With all the drama that surrounded the headliners of this year’s Glastonbury (namely that Kanye petition, and the last-minute Friday night re-jigging due to Dave Grohl’s broken leg), it might have been easy to ignore those lower down the lineup. Turns out that’s not so true – here are three of the best who are bound to make it big before undoubtedly returning to Worthy Farm in 2016 to show the rest how it’s done.
This year’s particular success story was that of the genre-defying Wolf Alice, who showed that they are able to conquer anything they put their minds to. With their debut album, My Love Is Cool, released mere days before Glastonbury’s gates opened, they appeared to be limiting their chance at crowd sing-a-longs.
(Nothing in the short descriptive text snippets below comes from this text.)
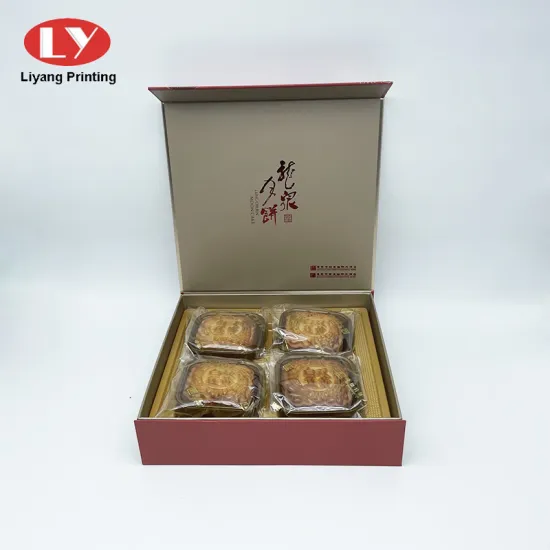 Mooncake Packing Magnetic Moon Cake Box Packaging Luxury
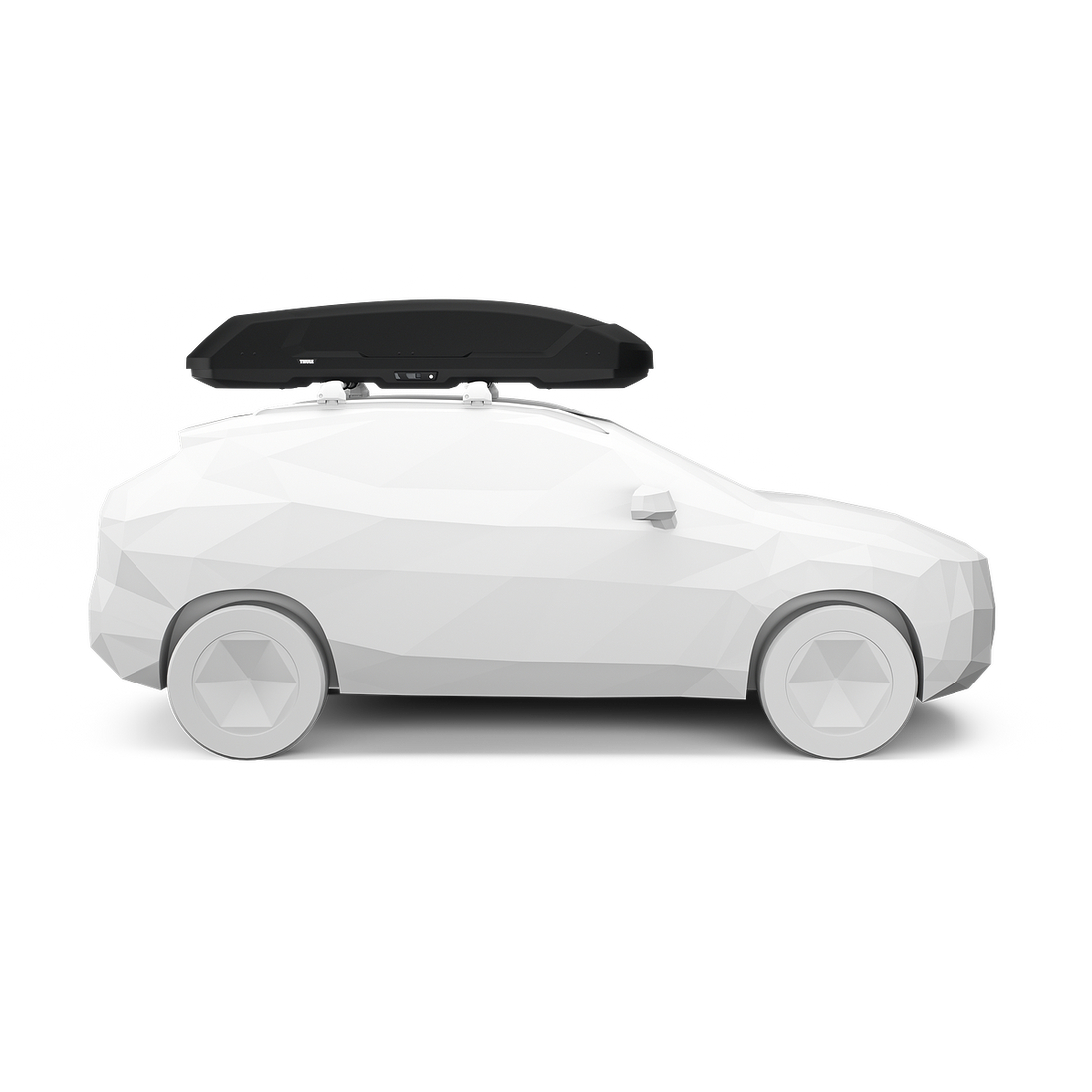 Автобокс Thule Force 3 XXL Sport 450 L Черен мат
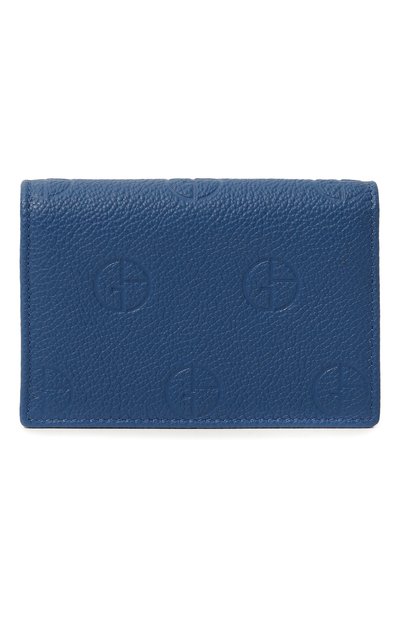 Мужской кожаная визитница GIORGIO ARMANI, арт. YGM744/YTI9J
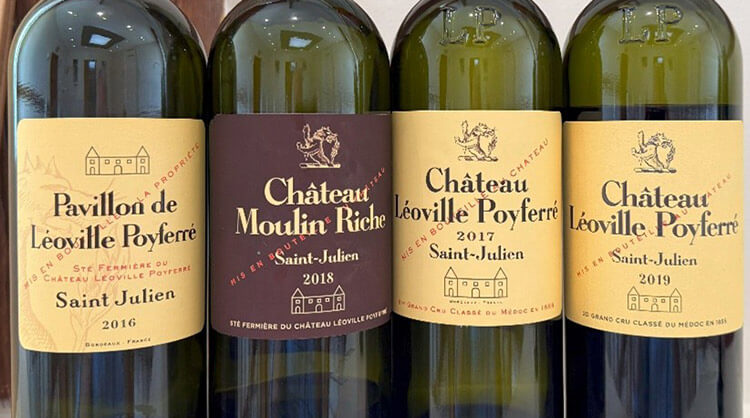 רביעיית Chateau Leoville Poyferre // צילום: שלמה גרדמן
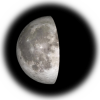 21-day old moon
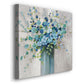 Sea Isle Wildflowers - Canvas Art Print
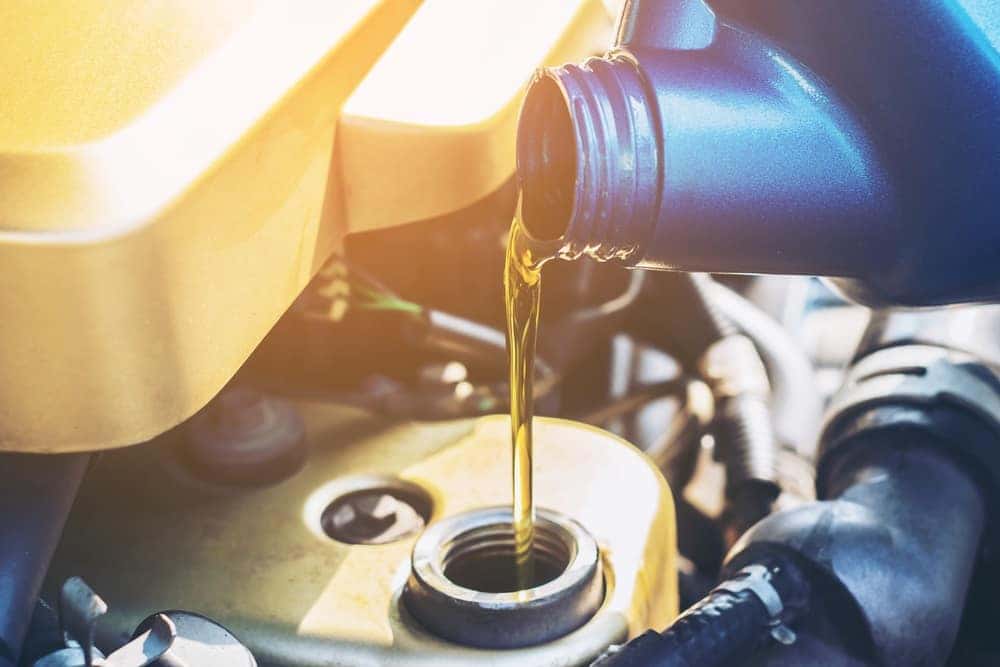 Oil Change at Ira Toyota of Manchester NH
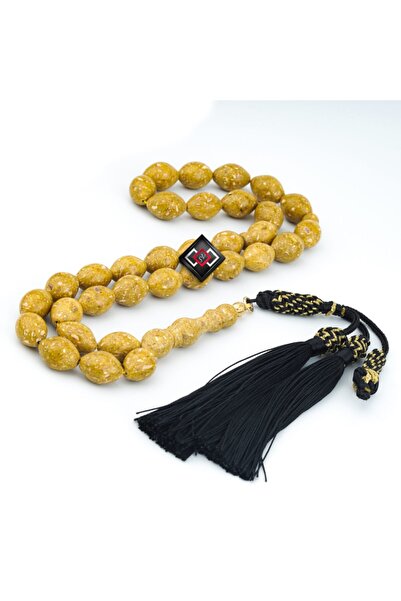 vevasilver مسبحة مطرزة يدوياً بشرابة 8-12 مم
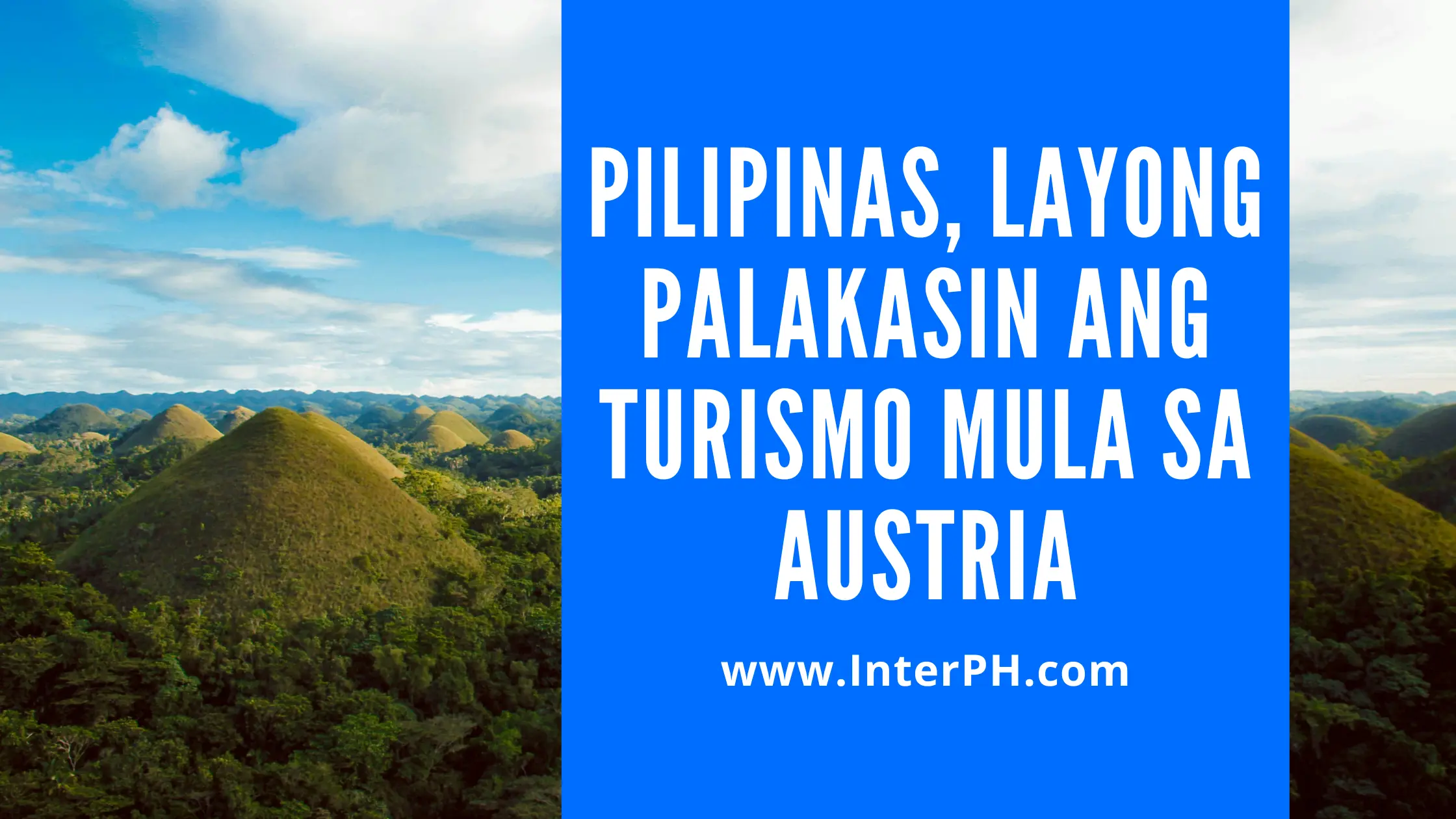 Pilipinas, layong palakasin ang turismo mula sa Austria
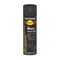 Rust-Oleum Hard Hat High Performance V2100 System Rust Preventive Enamel Spray Paint, Flat Black, 15oz Can, 6PK V2178838 - alternate 1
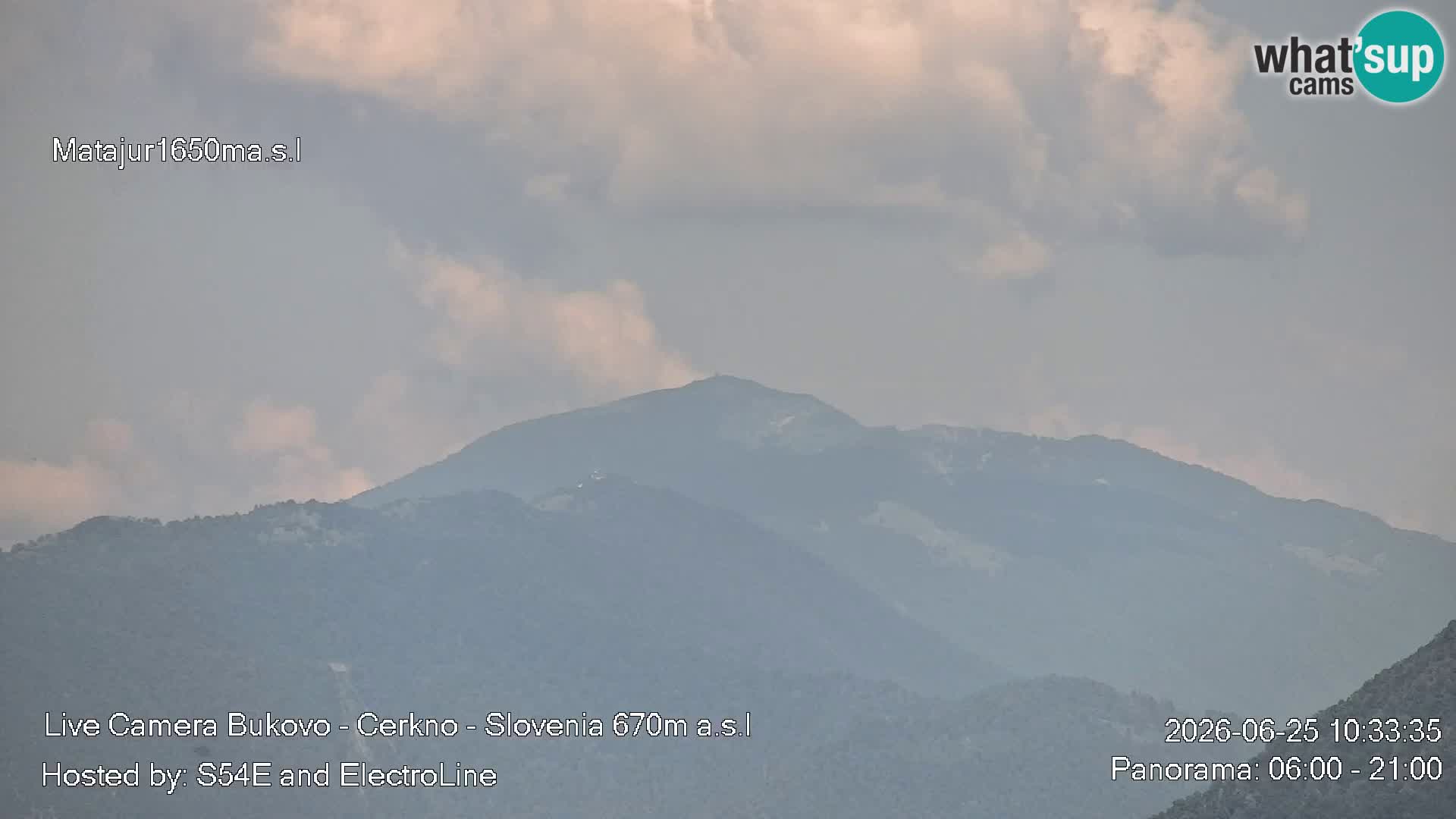 Bukovo Webcam – Baška grapa | Cerkno | Slowenien
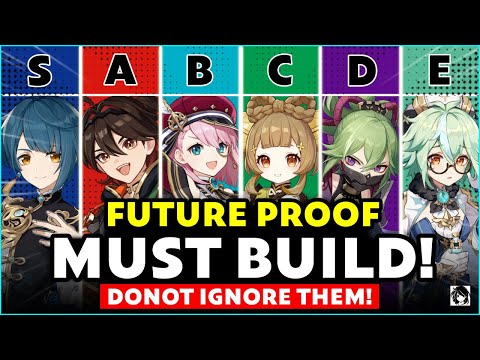 Best Characters to Build in 6.2! Don’t Waste Your Resources | Genshin Impact 4-Star Tier List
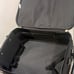 Lewis & Hyde Original Black Wheeled Garment Bag Rolling Travel Luggage 22x13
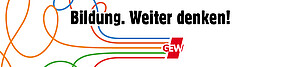Logo der GEW.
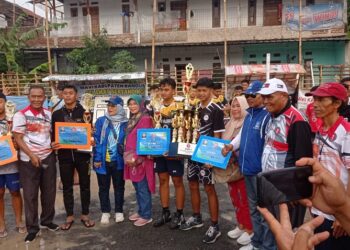 Mavi Kab.Bandung, Sukses Menggelar Kejuaraan Bola Voli Usia 17 tahun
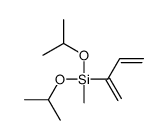 buta-1,3-dien-2-yl-methyl-di(propan-2-yloxy)silane Structure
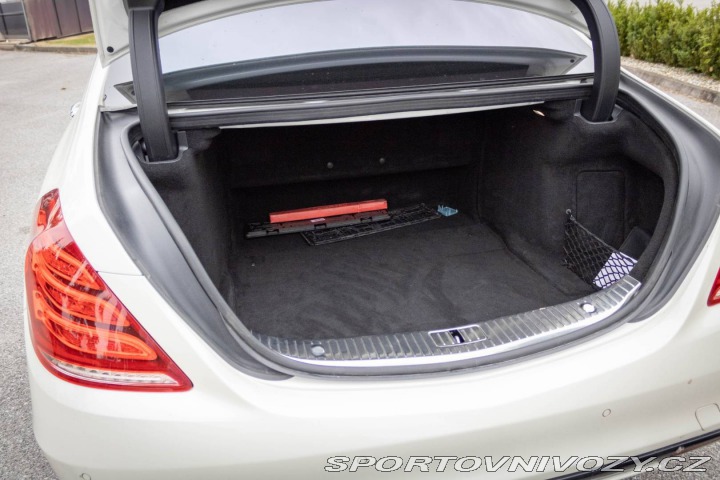 Mercedes-Benz S 500 4matic 9G 2017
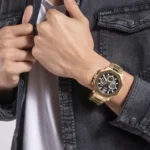 Montre Homme en Acier Guess GW0539G2 – Image 11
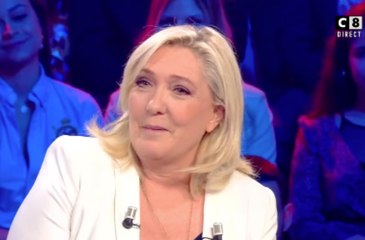 Face à Baba : Marine Le Pen et Cyril Hanouna se rencontrent pour la première fois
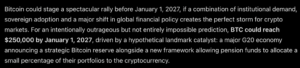 Claude AI Predicts a Huge Move for Bitcoin by 2027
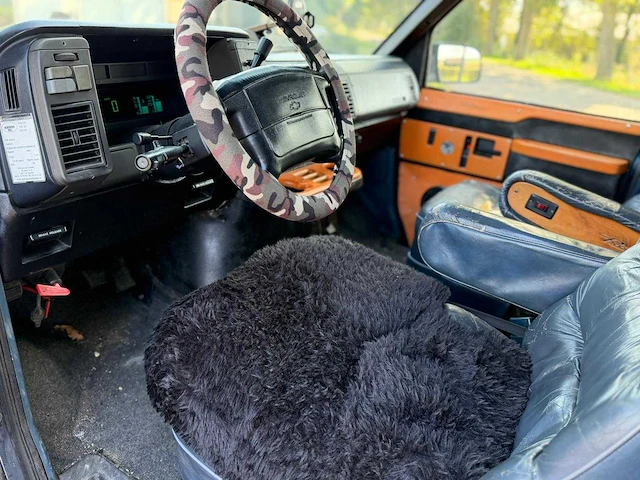Chevrolet usa astro van camper kampeerwagen 25-js-hb - afbeelding 13 van  16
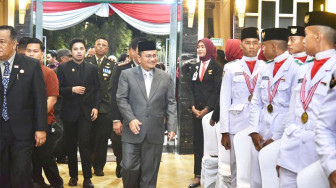 Pemkot Jambi Gelar Resepsi Kenegaraan, Wujud Rasa Syukur 80 Tahun Indonesia Merdeka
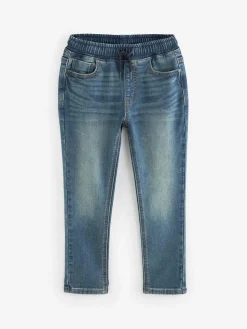 Next Skinny Fit Stretch Elasticated Waist Jeans (3-16yrs)^BOY Jeans|Jeans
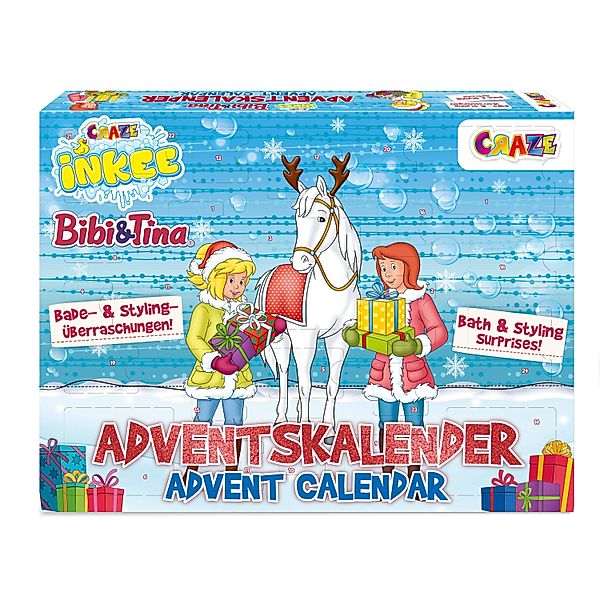 Adventskalender BIBI & TINA BADESPAß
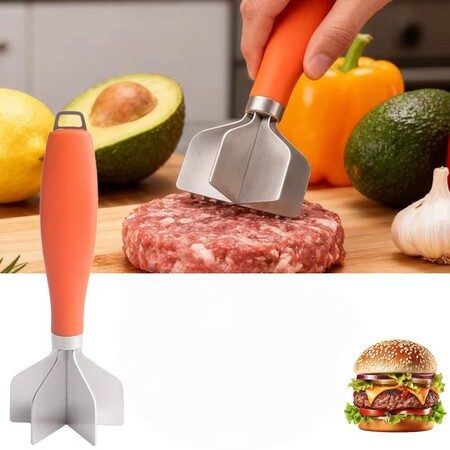 Meat Chopper Meat Shredder for Ground Beef Heat Resistant Meat Masher Carousel 2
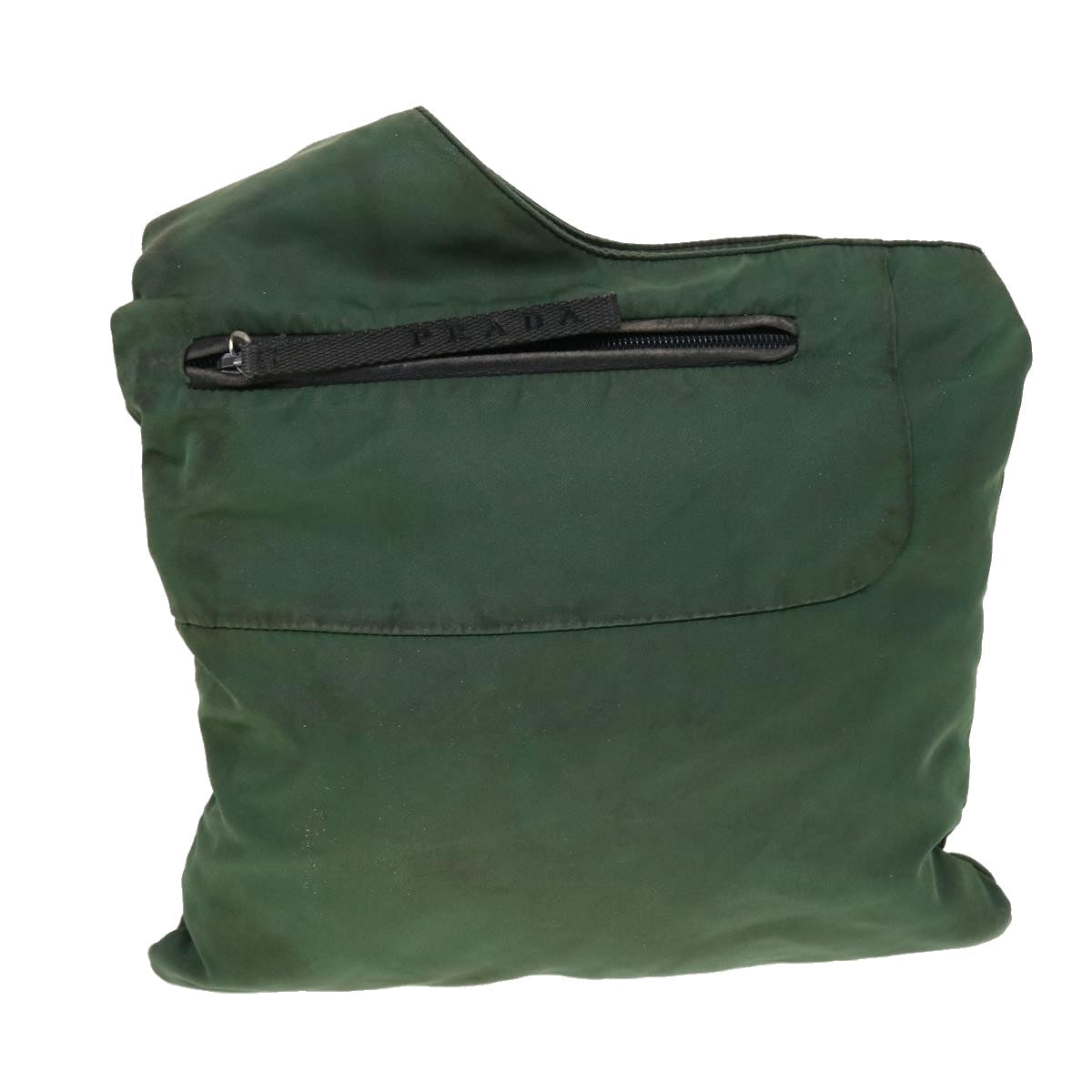 PRADA Shoulder Bag Nylon Khaki  ar9593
And yet, following Drenge in what became the sweatiest pair of secret sets on the tiny William’s Green stage (a lineup set to continue on Wolf Alice’s headline tour this autumn), somewhat of a party sprung into life during their 45-minute Thursday evening set – mosh pits and crowd surfers abounded, and that wasn’t just from the band themselves.
Wolf Alice’s scheduled set, though, took place less than 24 hours later on the Park Stage. And it was incredible. Launching into ‘Fluffy’ – somewhat of an oldie for the band – you could tell that they could not have been happier to be back at the festival where, just one year earlier, they had played the John Peel stage looking just short of petrified.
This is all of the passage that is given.